Bewegte Moleküle schreiben Buchstaben
Eingesperrte Moleküle offenbaren ihre Thermodynamik.
Auf der Suche nach Hochleistungsmaterialien für Gasspeicherung, thermische Isolierung oder Nanomaschinen ist es entscheidend, das thermische Verhalten der Materialien bis auf die Ebene einzelner Moleküle zu verstehen. Die klassische Thermodynamik mittelt allerdings über einen Zeitraum und eine große Anzahl von Molekülen. Forscher der TU München und der Uni Linköping haben nun eine Methode entwickelt, mit der sie die Gleichgewichtsthermodynamik von Einzelmolekülen mit atomarer Auflösung bei unterschiedlichen Temperaturen untersuchen können. Die Studie basiert auf einer Technologie, die es ermöglicht, Moleküle in zweidimensionalen Nanoporen einzuschließen, sowie auf umfangreichen rechnerischen Modellierungen.
Abb.: Die Nanopore begrenzt die Bewegungsmöglichkeiten des eingefangenen Moleküls. ( Bild: TU München)
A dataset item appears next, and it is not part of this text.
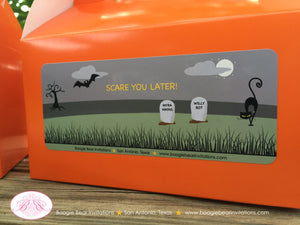 Halloween Birthday Party Treat Boxes Favor Tags Graveyard Bat Black Haunted House Tombstone Cemetery Boogie Bear Invitations Raven Lee Theme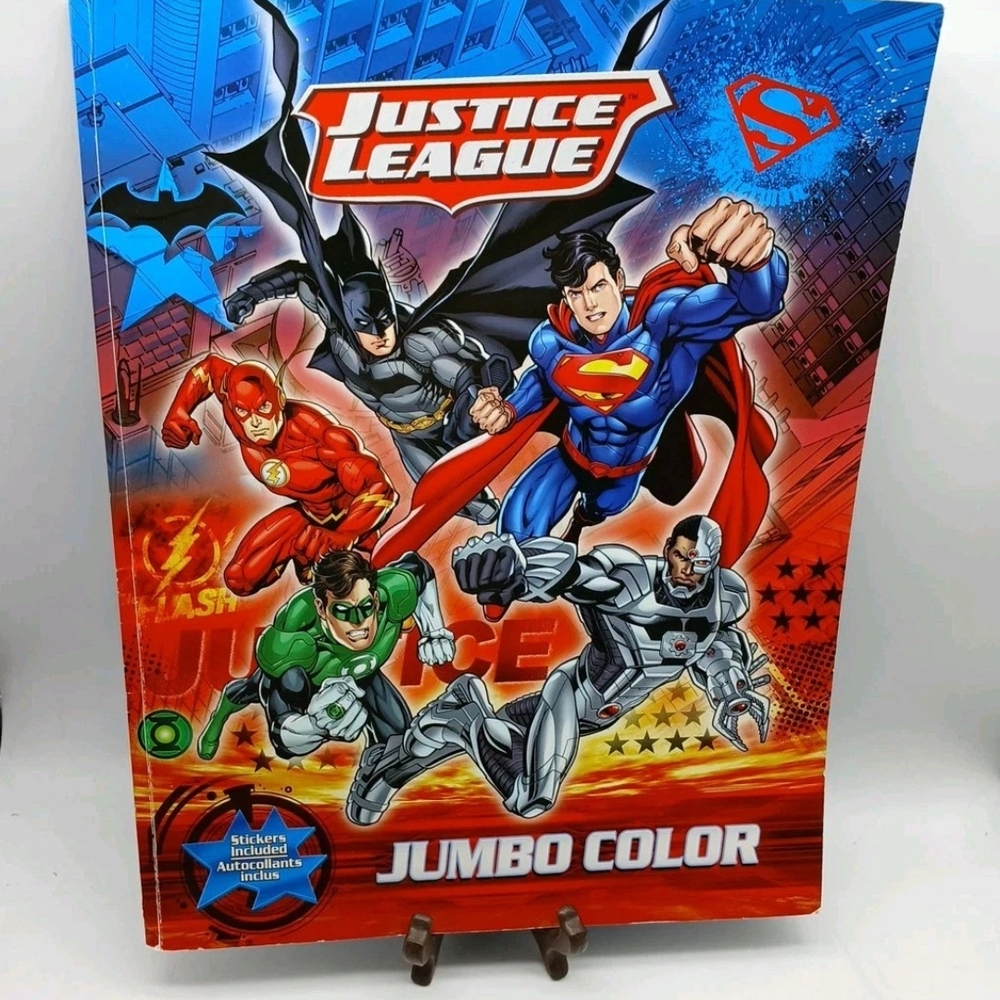 Jumbo Color Book - Red and Blue Justice League Dc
Florian Klappenberger von der TU München entwickelte eine Methode, um geordnete metall-organische Netzwerke auf einer Silberoberfläche zu erzeugen. Das Netzwerk bildet Nanoporen, die die Bewegungsfreiheit einzelner adsorbierter Moleküle in zwei Dimensionen drastisch beschränken. Mit einem Rastertunnelmikroskop konnten die Forscher die Bewegungen der Moleküle bei verschiedenen Temperaturen mit Sub-Nanometer-Auflösung vermessen. Parallel zu den Experimenten bauten die Forscher ausgeklügelte Computermodelle auf, um die Temperaturabhängigkeit der Dynamik der eingefangenen Moleküle zu modellieren. „Mit Hilfe von Supercomputern gelang es uns, die Wechselwirkungen und die Energielandschaft der Bewegung der Moleküle zu beschreiben", sagt Jonas Björk von der Uni Linköping.
Abb.: Gefangen in einer modifizierten Nanopore bildet das Molekül bei präziser Einstellung der Temperatur durch seine Wärmebewegung Buchstaben des Alphabets nach, (Bild: TU München)
Beim Vergleich experimenteller und modellierter Daten erkannten die Wissenschaftler, dass sich unter bestimmten Bedingungen die integrale Theorie auf eine einfache Projektion der räumlichen Molekülpositionen reduzieren lässt. Dies ist ein Ansatz, der in der statistischen Mechanik häufig angewandt wird. Bisher war es aber unmöglich, damit ein Experiment zu beschreiben, denn ohne Beschränkung durch den zweidimensionalen Käfig wären unendlich viele mögliche Molekülpositionen und Energien zu berücksichtigen.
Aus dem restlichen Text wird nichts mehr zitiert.